Eirini Kafourou handles communications for Megaventory the online inventory management system that can help small businesses synchronize stock and manage purchases and sales over multiple stores.
Inventory is the core of every retail and wholesale business. At the same time, if not managed effectively, it can cause loss of customers and revenue. Especially if you are a small retailer or wholesaler, there is no room for inventory mistakes.
Here is a list of five common inventory mistakes and what you can do to avoid them.
1. Order more than you actually need
Getting stuck with more products than you can actually sell can be a headache to even the best-run shops. To keep a good quantity of inventory, data is crucial. At regular intervals check how fast different products move so you can quickly push slow moving inventory with discounts and special deals, before it becomes totally unmovable. However, forecasts are not perfect. A good idea is to map some scenarios with your team before things get to the point where everyone starts feeling demoralized.
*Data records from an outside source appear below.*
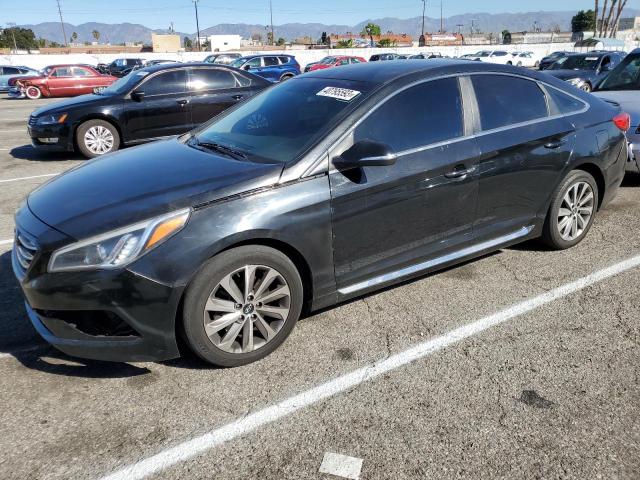 HYUNDAI SONATA 2015 5npe34af8fh123841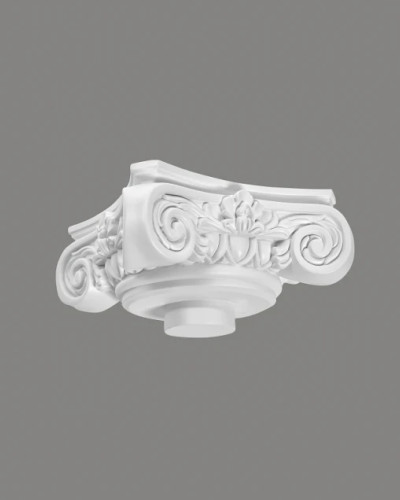 Coloane si semicoloane Mardom Decor MRD-C1001-1W, material: ProFoam
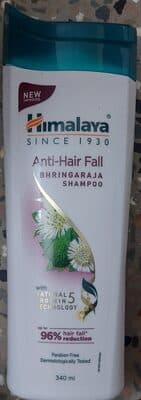 Himalaya Anti-Hair Fall Bhringaraja Shampp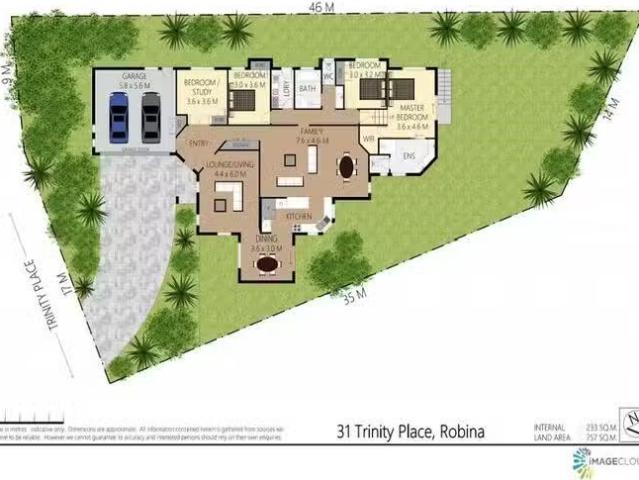 House for rent in Fernbrook, Queensland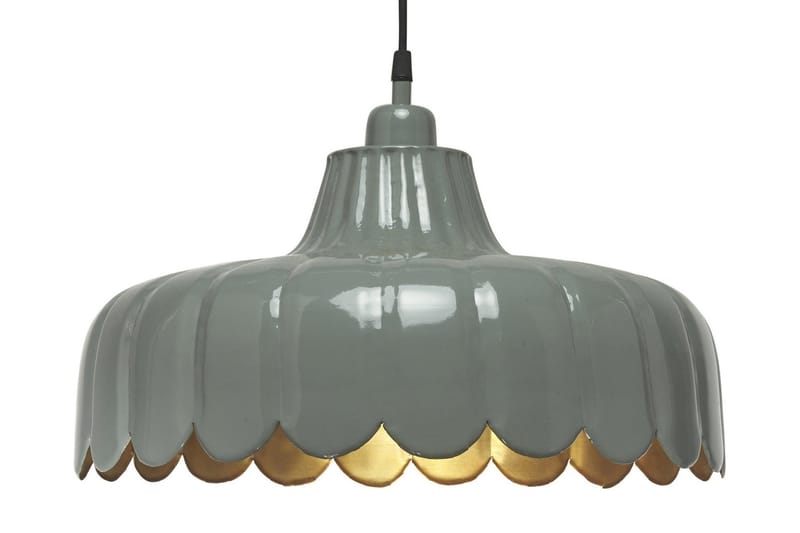 PR Home Wells Loftlampe - Grøn - Belysning - Lamper & indendørsbelysning - Vindueslampe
2. Keep the same inventory for too long
In a world that constantly changes, where new products pop up every day, a shop that does not move at the same pace can look boring and outdated. When big box stores push new products even on a weekly basis, customers expect the same from all the others as well. For that, you need to rotate your inventory regularly. This can increase your expenses, but forever lost customers can actually cost you a lot more.
3. Order the same product from too many suppliers
While it is good to have many options, having too many suppliers for the same product can actually cost you more. To get better prices from suppliers and stay competitive, it is important to invest in a good long-term relationship with some of your key suppliers. This will help you negotiate better prices and even give you priority against other retailers when highly popular products are low or out of stock.
4. Have no backup suppliers
At the same time, you should not only rely on good relationships when it comes to business. Having backup suppliers can be a life-saver with low-stock items. With so many other options and offers, customers are likely to walk out the door and never return, if what they were looking is available elsewhere.
5. Track your inventory with outdated methods
At the start of your business manually tracking inventory on spreadsheets may seem a good enough solution. But, as soon as your product list grows along with your business, spreadsheets will become a headache for you and your employees, depriving you of quality time, which you could use in other aspects of your business (or personal life).
An inventory management system can help you not only effectively monitor your inventory, but it can also simplify the return process. Moreover, an online inventory management system can help you save up time and money. Cloud computing spares companies the time and money-consuming processes of installation and maintenance, as you just pay for the service. At the same time, the very notion of the workplace is transformed. Employees are able to work remotely and be mobile, and you can monitor all your business operations from one place.
To sum this up, inventory management is essential for a successful business. Doing this in the most efficient way will help your business stand out.